Reviews: New books this February
Margie Sarsfield’s Beta Vulgaris, Sonya Walger’s Lion, and more.
Here’s what I’m thinking for my cadence on Substack. About four posts a month. Some combination of the following:
First, a roundup of capsule reviews for new titles that month, plus what I’m reading and reviewing at the moment—you’re reading this now. (Here’s last month’s edition).
Then, a more in-depth review of a single, soon-to-be-released book (this month, I’m going to cover Rebecca West’s Radio Treason: The Trials of Lord Haw-Haw, the British Voice of Nazi Germany, coming on February 11).
A feature? Last month I wrote about what leads me to write a negative book review. Recently, I resurrected an old piece about digging into the archive of my college radio station. There was also this roundup of weird, offbeat books.
I might do some quick takes on some favorites from my bookshelf, like this one on how Stoner is a great book about an awful person.

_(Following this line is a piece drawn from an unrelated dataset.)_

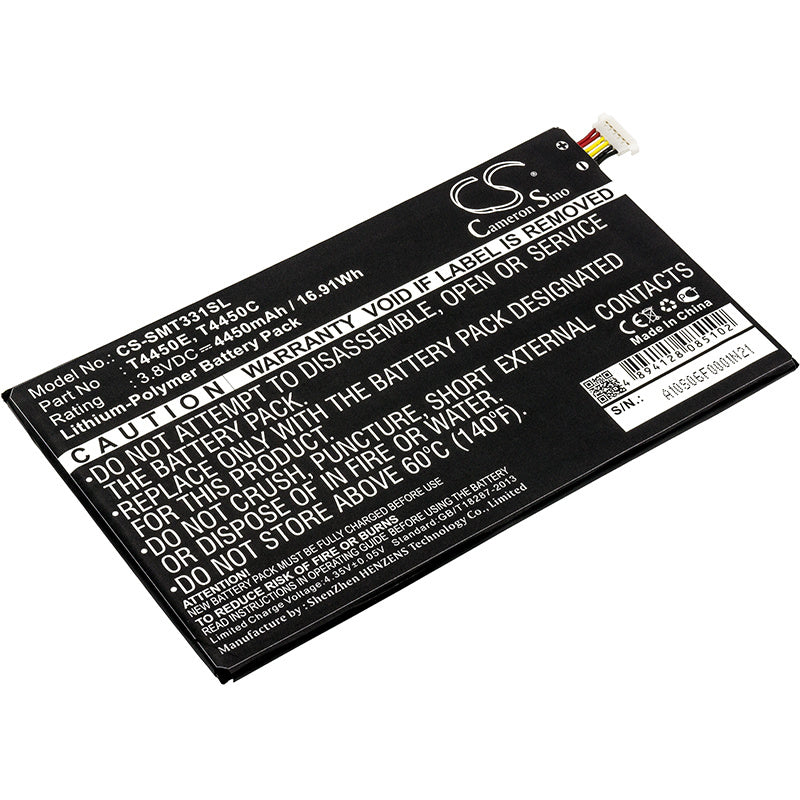 4450mAh Battery - CS-SMT331SL / Li-Polymer / Volts: 3.8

We’ll see how it develops.
And finally, a look into my “personal backlist.” I’ve been reviewing books and music for 22 years, and I’m excited for the opportunity to highlight some of those older pieces and give those books and albums another look—here’s the January edition.
But for now, the present (or near future):
Beta Vulgaris by Margie Sarsfield
(W.W. Norton, February 11)
A smart, confident debut novel that’s part psychological horror, part millennial satire. Elise is a struggling young woman who follows her grungy boyfriend to Minnesota to harvest beets in the hopes of making enough money to cover the rent on their Brooklyn apartment. As she wrestles with her anxiety, her poverty, and her sexuality, Elise comes to find that her fellow workers are mysteriously disappearing. All the while, the beet field calls to her, perhaps literally, leading her to question her sanity.

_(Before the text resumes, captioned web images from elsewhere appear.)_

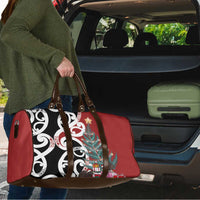 New Zealand Silver Fern Christmas Tree Travel Bag Meri Kirihimete LT7 - Polynesian Pride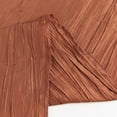 BalsaCircle 72x72 in Terracotta Square Accordion Crinkled Taffeta Table ...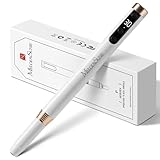 MelodySusie PM170F Nail Drill for Acrylic Nail Kit, Rechargeable Lightweight Cordless 30000RPM Nail File 30 Speeds, 6 in 1 Manicure Nail Set with Nail Drill Bits Sanding Bands Polishing Tool, White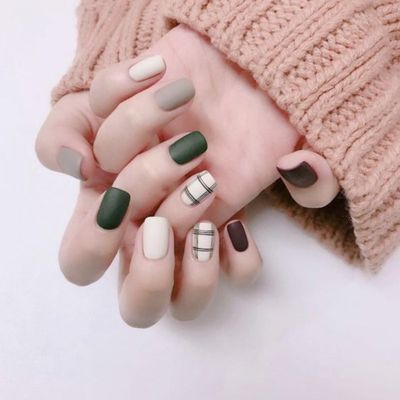 모던심플 블링블링 네일스티커 010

Sarsfield does a great job capturing the anxious, self-flagellating voice of an insecure late millennial, and the well-drawn characters she fills the beet field with are familiar to anyone who’s traveled through alternative spaces in their youth. I will say that I often have trouble determining whether depictions of young millennials and Gen Z characters in fiction are meant to be satirically exaggerated or true to life, and this book is no exception. But it works, either way. Great cover, too.
Lion by Sonya Walger
(New York Review Books, February 4)
Billed as an autobiographical novel, Lion is the story of Walger’s relationship with her father, a restless, roguish adventurer who can’t help but keep moving, leaving a trail of spurned wives and abandoned children in his wake.
Walger’s prose is elegant and engaging, and the unique, free-associative structure of the book, which jumps back and forth through time, helps to illustrate the fractured nature of Walger’s memories of and feelings toward her father. We get to see him through her eyes: as a child, desperate for his love; an adolescent, struck by his charisma; and as a parent herself, struggling to understand his very nature.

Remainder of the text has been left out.